Nothing captured the sheer excitement of air travel at the dawn of the Jet Age like the colorful and dramatic ads appearing in print media of that era. In this new AirlineRatings series, Editor Mike Machat takes us on a nostalgic tour of some of the world’s greatest airline ads, giving an ‘inside look’ at the creative process used to create these fabulous aviation images.
Any classic airline ad of the mid 20th Century began with a concept developed by the Art Director in an advertising agency’s art department. These talented visionaries were responsible for the overall mood, content, and visual impact of the ad, and in our first example, we see a group of elegant passengers boarding a Douglas DC-8 jetliner which was just then entering airline service.
Let’s start with the copy, written to capture the exhilaration of traveling aboard a new jet-powered airliner. Passenger-pleasing features like “large windows,” “individual reading lights,” “deep, high-backed seats,” and “extra soundproofing” invite you to climb aboard. Then there’s the impressive list of DC-8 operators. Yet as good as all this copy may be, it’s there to support the illustration, and this is where ads of the 1950s truly excelled.
Using the popular vogue of peering down from a control tower, observation deck, or other high vantage point, we see First Class passengers walking down the obligatory red carpet, complete with stanchions, to the boarding stairs of the jet. All aspects of travel are depicted here, with two dapper well-dressed businessmen leading the way, followed by possibly a movie star, a vacationing couple, and other assorted passengers.
The artist hired to create this illustration plays with reality to give the viewer a dramatic and compelling image, and this is always the fun part of analyzing these classic advertisements. First, look at the engine nacelle featured so prominently in this scene. Douglas DC-8s were actually 150 feet long, yet the wing on this jet would be a scant 20 feet aft of the L1 door.
Second, the passenger’s shadows are ‘designed’ for best impact. If plotted accurately, the movie star’s shadow would merge with the dark suit and head of the businessman holding the umbrella (which is somehow missing from his shadow). The flight attendant’s shadow is missing entirely. Why? If it were there, it would distract from the passengers because of its harsh contrast with the white boarding stairs.

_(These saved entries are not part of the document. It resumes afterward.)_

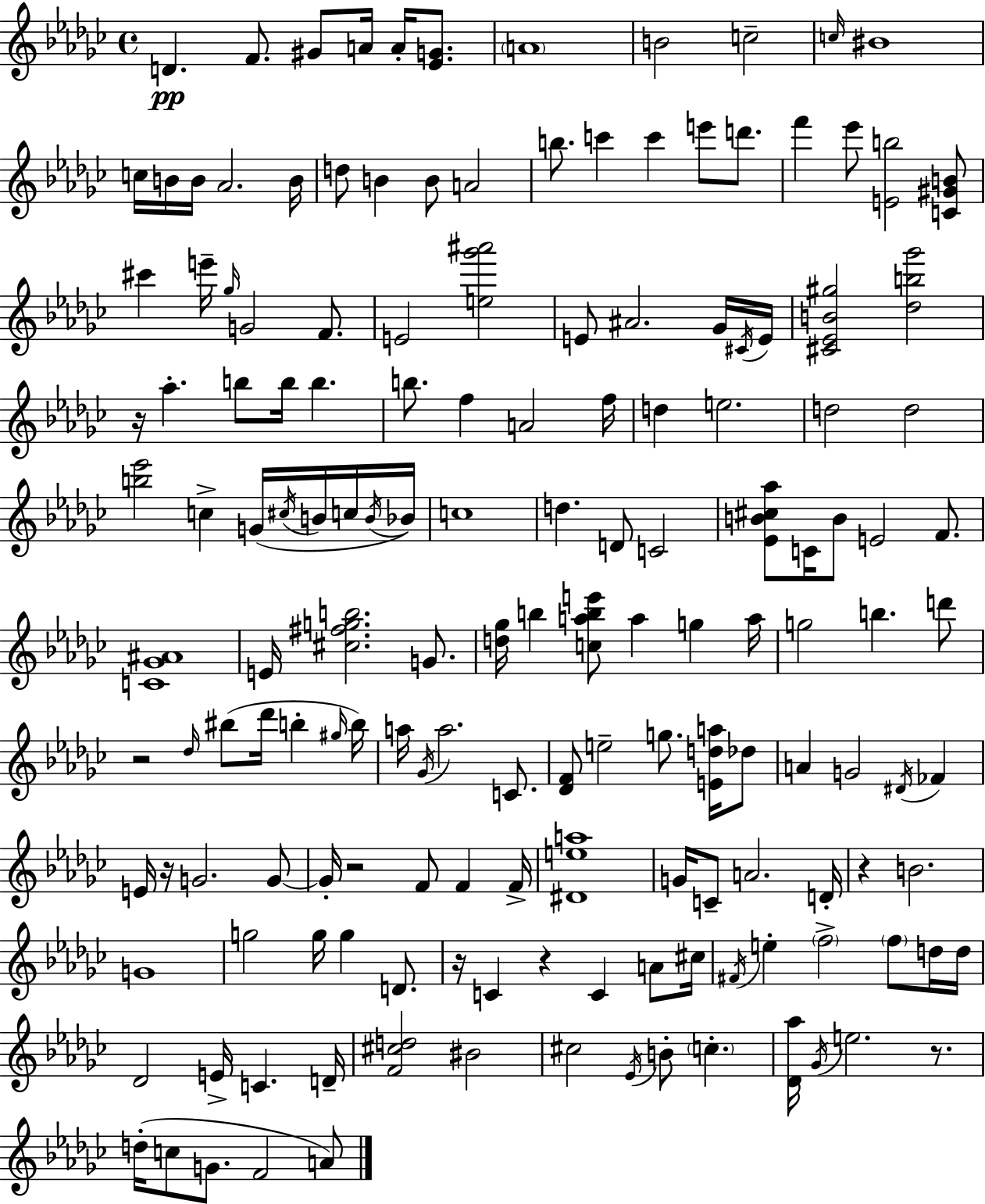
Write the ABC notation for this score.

X:1
T:Untitled
M:4/4
L:1/4
K:Ebm
D F/2 ^G/2 A/4 A/4 [_EG]/2 A4 B2 c2 c/4 ^B4 c/4 B/4 B/4 _A2 B/4 d/2 B B/2 A2 b/2 c' c' e'/2 d'/2 f' _e'/2 [Eb]2 [C^GB]/2 ^c' e'/4 _g/4 G2 F/2 E2 [e_g'^a']2 E/2 ^A2 _G/4 ^C/4 E/4 [^C_EB^g]2 [_db_g']2 z/4 _a b/2 b/4 b b/2 f A2 f/4 d e2 d2 d2 [b_e']2 c G/4 ^c/4 B/4 c/4 B/4 _B/4 c4 d D/2 C2 [_EB^c_a]/2 C/4 B/2 E2 F/2 [C_G^A]4 E/4 [^c^fgb]2 G/2 [d_g]/4 b [cabe']/2 a g a/4 g2 b d'/2 z2 _d/4 ^b/2 _d'/4 b ^g/4 b/4 a/4 _G/4 a2 C/2 [_DF]/2 e2 g/2 [Eda]/4 _d/2 A G2 ^D/4 _F E/4 z/4 G2 G/2 G/4 z2 F/2 F F/4 [^Dea]4 G/4 C/2 A2 D/4 z B2 G4 g2 g/4 g D/2 z/4 C z C A/2 ^c/4 ^F/4 e f2 f/2 d/4 d/4 _D2 E/4 C D/4 [F^cd]2 ^B2 ^c2 _E/4 B/2 c [_D_a]/4 _G/4 e2 z/2 d/4 c/2 G/2 F2 A/2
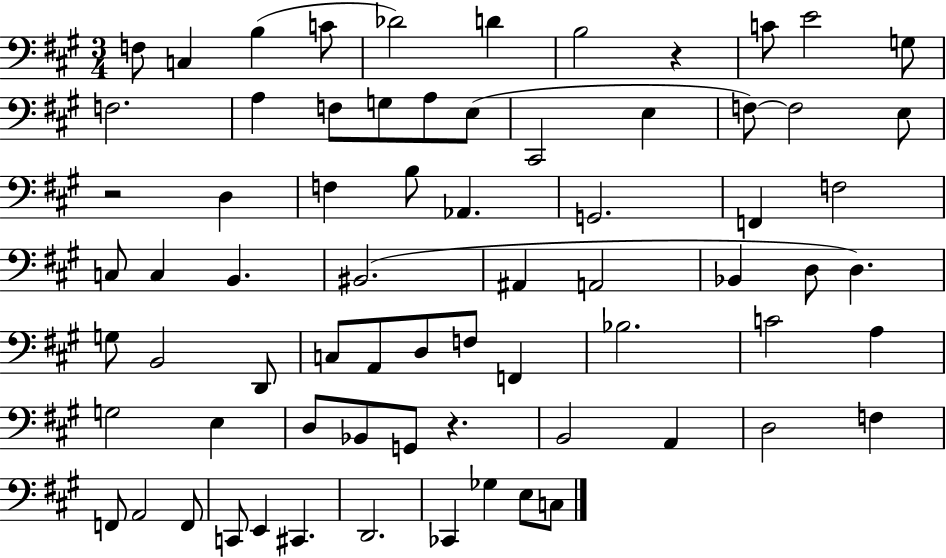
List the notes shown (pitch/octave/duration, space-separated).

F3/e C3/q B3/q C4/e Db4/h D4/q B3/h R/q C4/e E4/h G3/e F3/h. A3/q F3/e G3/e A3/e E3/e C#2/h E3/q F3/e F3/h E3/e R/h D3/q F3/q B3/e Ab2/q. G2/h. F2/q F3/h C3/e C3/q B2/q. BIS2/h. A#2/q A2/h Bb2/q D3/e D3/q. G3/e B2/h D2/e C3/e A2/e D3/e F3/e F2/q Bb3/h. C4/h A3/q G3/h E3/q D3/e Bb2/e G2/e R/q. B2/h A2/q D3/h F3/q F2/e A2/h F2/e C2/e E2/q C#2/q. D2/h. CES2/q Gb3/q E3/e C3/e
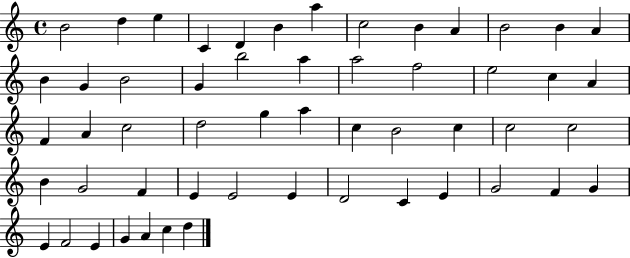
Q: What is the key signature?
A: C major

And finally, there’s the highly effective use of light-and-dark contrasting shapes with primary colors – red carpet, blue tarmac (and woman’s coat at upper left), plus a variety of yellow and beige accents. The diagonal red carpet provides a strong visual device as well. These elements are all carefully designed to grab the viewer’s attention and make your eye travel around and through the intricate composition.
Do the technical inaccuracies really matter? No, not at all. Both the artist and Art Director have only one objective in creating this scene, and that’s to make you stop and look at the image, read the copy, then reach for the phone and call your travel agent to book a flight. It’s just that simple. Judging from the great boom in air travel during the early 1960s, I’d say this ad was highly effective indeed.